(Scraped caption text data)
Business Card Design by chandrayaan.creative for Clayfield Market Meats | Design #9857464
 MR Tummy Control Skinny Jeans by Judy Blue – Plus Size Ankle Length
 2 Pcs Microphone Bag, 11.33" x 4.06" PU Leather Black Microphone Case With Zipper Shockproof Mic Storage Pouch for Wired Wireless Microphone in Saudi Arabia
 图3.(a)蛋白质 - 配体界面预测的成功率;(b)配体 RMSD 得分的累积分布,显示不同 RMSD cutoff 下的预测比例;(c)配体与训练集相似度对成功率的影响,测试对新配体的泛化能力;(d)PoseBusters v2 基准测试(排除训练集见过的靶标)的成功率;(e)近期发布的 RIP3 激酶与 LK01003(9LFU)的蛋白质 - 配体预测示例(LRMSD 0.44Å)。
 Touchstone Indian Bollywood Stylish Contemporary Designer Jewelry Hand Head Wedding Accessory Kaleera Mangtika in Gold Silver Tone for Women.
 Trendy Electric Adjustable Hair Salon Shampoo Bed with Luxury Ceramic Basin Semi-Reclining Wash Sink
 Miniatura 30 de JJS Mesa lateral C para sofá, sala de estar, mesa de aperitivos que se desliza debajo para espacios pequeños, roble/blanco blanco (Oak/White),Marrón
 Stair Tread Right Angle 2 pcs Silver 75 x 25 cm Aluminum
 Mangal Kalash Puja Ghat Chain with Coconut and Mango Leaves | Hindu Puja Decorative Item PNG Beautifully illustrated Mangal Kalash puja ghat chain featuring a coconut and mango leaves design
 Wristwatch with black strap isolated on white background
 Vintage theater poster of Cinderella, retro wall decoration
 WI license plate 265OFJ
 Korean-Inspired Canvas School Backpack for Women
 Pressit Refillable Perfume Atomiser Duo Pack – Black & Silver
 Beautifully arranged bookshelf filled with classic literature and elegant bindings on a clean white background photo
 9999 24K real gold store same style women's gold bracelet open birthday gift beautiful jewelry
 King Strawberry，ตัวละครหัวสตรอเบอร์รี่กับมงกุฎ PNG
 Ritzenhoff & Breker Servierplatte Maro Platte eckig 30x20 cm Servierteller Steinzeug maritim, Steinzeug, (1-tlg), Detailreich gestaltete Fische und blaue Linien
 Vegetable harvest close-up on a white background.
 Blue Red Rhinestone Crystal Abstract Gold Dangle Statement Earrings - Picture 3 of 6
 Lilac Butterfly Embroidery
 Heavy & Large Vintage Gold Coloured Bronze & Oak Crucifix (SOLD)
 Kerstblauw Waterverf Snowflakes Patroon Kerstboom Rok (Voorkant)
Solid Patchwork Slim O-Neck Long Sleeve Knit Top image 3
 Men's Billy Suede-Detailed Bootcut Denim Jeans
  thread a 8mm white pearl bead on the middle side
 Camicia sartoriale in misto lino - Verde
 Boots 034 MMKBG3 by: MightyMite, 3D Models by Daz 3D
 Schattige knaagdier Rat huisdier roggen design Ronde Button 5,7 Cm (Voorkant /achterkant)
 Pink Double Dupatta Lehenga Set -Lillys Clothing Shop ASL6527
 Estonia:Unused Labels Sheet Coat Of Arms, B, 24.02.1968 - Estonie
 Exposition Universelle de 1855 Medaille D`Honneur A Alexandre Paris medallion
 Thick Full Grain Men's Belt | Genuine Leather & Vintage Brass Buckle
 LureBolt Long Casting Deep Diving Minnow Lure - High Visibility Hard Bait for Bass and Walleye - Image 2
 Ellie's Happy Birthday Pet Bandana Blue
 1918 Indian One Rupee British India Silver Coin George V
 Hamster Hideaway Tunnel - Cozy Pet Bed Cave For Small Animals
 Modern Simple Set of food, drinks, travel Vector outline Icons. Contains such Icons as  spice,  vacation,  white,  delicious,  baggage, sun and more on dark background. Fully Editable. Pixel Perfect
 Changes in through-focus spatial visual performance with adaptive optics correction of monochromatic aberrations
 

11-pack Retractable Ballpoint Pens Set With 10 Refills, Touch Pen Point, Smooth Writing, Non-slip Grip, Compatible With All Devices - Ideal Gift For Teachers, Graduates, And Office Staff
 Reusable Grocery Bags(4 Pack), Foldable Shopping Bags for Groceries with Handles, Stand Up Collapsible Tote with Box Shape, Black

• [AIM OF THE EXERCISE]: Every record, from the first to the last, should be transcribed exactly.

• [WRITTEN RESPONSE]:
Business Card Design by chandrayaan.creative for Clayfield Market Meats | Design #9857464
 MR Tummy Control Skinny Jeans by Judy Blue – Plus Size Ankle Length
 2 Pcs Microphone Bag, 11.33" x 4.06" PU Leather Black Microphone Case With Zipper Shockproof Mic Storage Pouch for Wired Wireless Microphone in Saudi Arabia
 图3.(a)蛋白质 - 配体界面预测的成功率;(b)配体 RMSD 得分的累积分布,显示不同 RMSD cutoff 下的预测比例;(c)配体与训练集相似度对成功率的影响,测试对新配体的泛化能力;(d)PoseBusters v2 基准测试(排除训练集见过的靶标)的成功率;(e)近期发布的 RIP3 激酶与 LK01003(9LFU)的蛋白质 - 配体预测示例(LRMSD 0.44Å)。
 Touchstone Indian Bollywood Stylish Contemporary Designer Jewelry Hand Head Wedding Accessory Kaleera Mangtika in Gold Silver Tone for Women.
 Trendy Electric Adjustable Hair Salon Shampoo Bed with Luxury Ceramic Basin Semi-Reclining Wash Sink
 Miniatura 30 de JJS Mesa lateral C para sofá, sala de estar, mesa de aperitivos que se desliza debajo para espacios pequeños, roble/blanco blanco (Oak/White),Marrón
 Stair Tread Right Angle 2 pcs Silver 75 x 25 cm Aluminum
 Mangal Kalash Puja Ghat Chain with Coconut and Mango Leaves | Hindu Puja Decorative Item PNG Beautifully illustrated Mangal Kalash puja ghat chain featuring a coconut and mango leaves design
 Wristwatch with black strap isolated on white background
 Vintage theater poster of Cinderella, retro wall decoration
 WI license plate 265OFJ
 Korean-Inspired Canvas School Backpack for Women
 Pressit Refillable Perfume Atomiser Duo Pack – Black & Silver
 Beautifully arranged bookshelf filled with classic literature and elegant bindings on a clean white background photo
 9999 24K real gold store same style women's gold bracelet open birthday gift beautiful jewelry
 King Strawberry，ตัวละครหัวสตรอเบอร์รี่กับมงกุฎ PNG
 Ritzenhoff & Breker Servierplatte Maro Platte eckig 30x20 cm Servierteller Steinzeug maritim, Steinzeug, (1-tlg), Detailreich gestaltete Fische und blaue Linien
 Vegetable harvest close-up on a white background.
 Blue Red Rhinestone Crystal Abstract Gold Dangle Statement Earrings - Picture 3 of 6
 Lilac Butterfly Embroidery
 Heavy & Large Vintage Gold Coloured Bronze & Oak Crucifix (SOLD)
 Kerstblauw Waterverf Snowflakes Patroon Kerstboom Rok (Voorkant)
Solid Patchwork Slim O-Neck Long Sleeve Knit Top image 3
 Men's Billy Suede-Detailed Bootcut Denim Jeans
  thread a 8mm white pearl bead on the middle side
 Camicia sartoriale in misto lino - Verde
 Boots 034 MMKBG3 by: MightyMite, 3D Models by Daz 3D
 Schattige knaagdier Rat huisdier roggen design Ronde Button 5,7 Cm (Voorkant /achterkant)
 Pink Double Dupatta Lehenga Set -Lillys Clothing Shop ASL6527
 Estonia:Unused Labels Sheet Coat Of Arms, B, 24.02.1968 - Estonie
 Exposition Universelle de 1855 Medaille D`Honneur A Alexandre Paris medallion
 Thick Full Grain Men's Belt | Genuine Leather & Vintage Brass Buckle
 LureBolt Long Casting Deep Diving Minnow Lure - High Visibility Hard Bait for Bass and Walleye - Image 2
 Ellie's Happy Birthday Pet Bandana Blue
 1918 Indian One Rupee British India Silver Coin George V
 Hamster Hideaway Tunnel - Cozy Pet Bed Cave For Small Animals
 Modern Simple Set of food, drinks, travel Vector outline Icons. Contains such Icons as  spice,  vacation,  white,  delicious,  baggage, sun and more on dark background. Fully Editable. Pixel Perfect
 Changes in through-focus spatial visual performance with adaptive optics correction of monochromatic aberrations
 

11-pack Retractable Ballpoint Pens Set With 10 Refills, Touch Pen Point, Smooth Writing, Non-slip Grip, Compatible With All Devices - Ideal Gift For Teachers, Graduates, And Office Staff
 Reusable Grocery Bags(4 Pack), Foldable Shopping Bags for Groceries with Handles, Stand Up Collapsible Tote with Box Shape, Black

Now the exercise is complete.